### Exercise details:
Copy the listing exactly, images excluded.

### Source material:
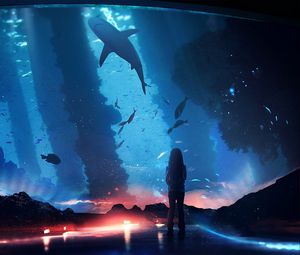 Preview wallpaper silhouette, aquarium, fish, dark, backlight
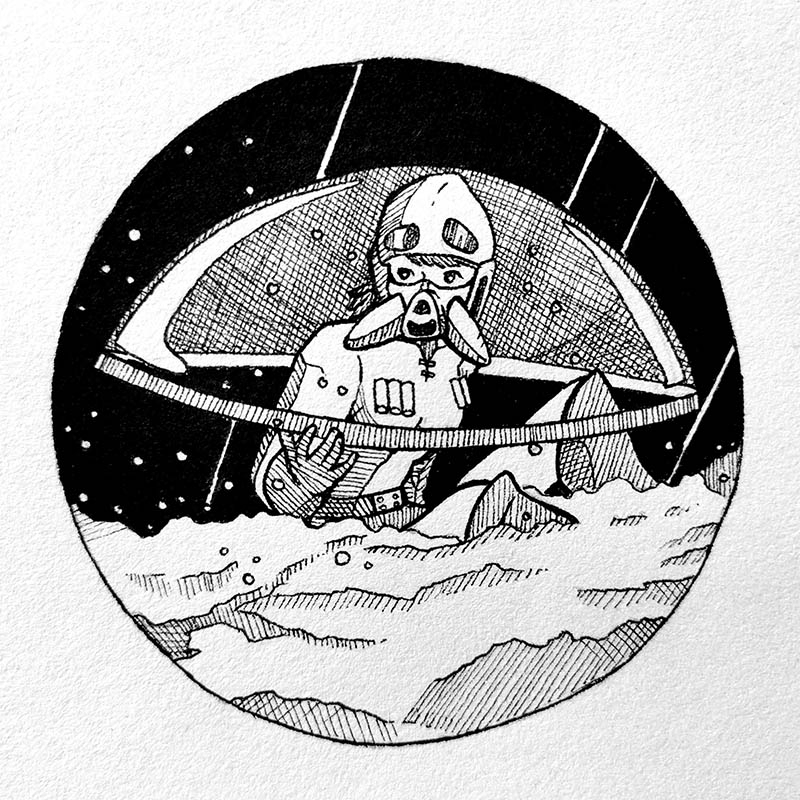 Dessin à l'encre de Nausicaa sous un globe d'Ohmu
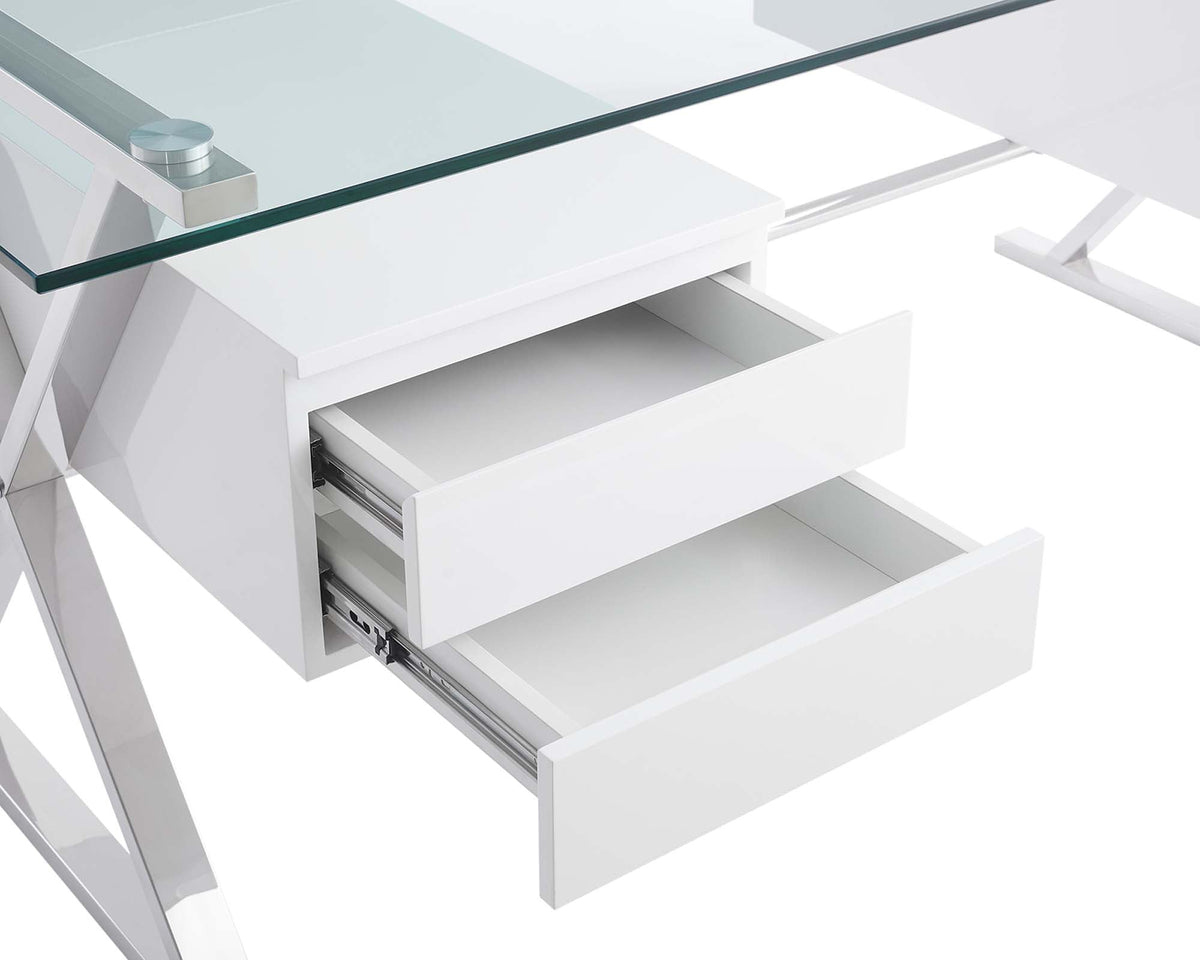 Sector White 71" Glass Top Glass Office Desk - Ornate Home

### Written reply:
 Preview wallpaper silhouette, aquarium, fish, dark, backlight
 Dessin à l'encre de Nausicaa sous un globe d'Ohmu
 Sector White 71" Glass Top Glass Office Desk - Ornate Home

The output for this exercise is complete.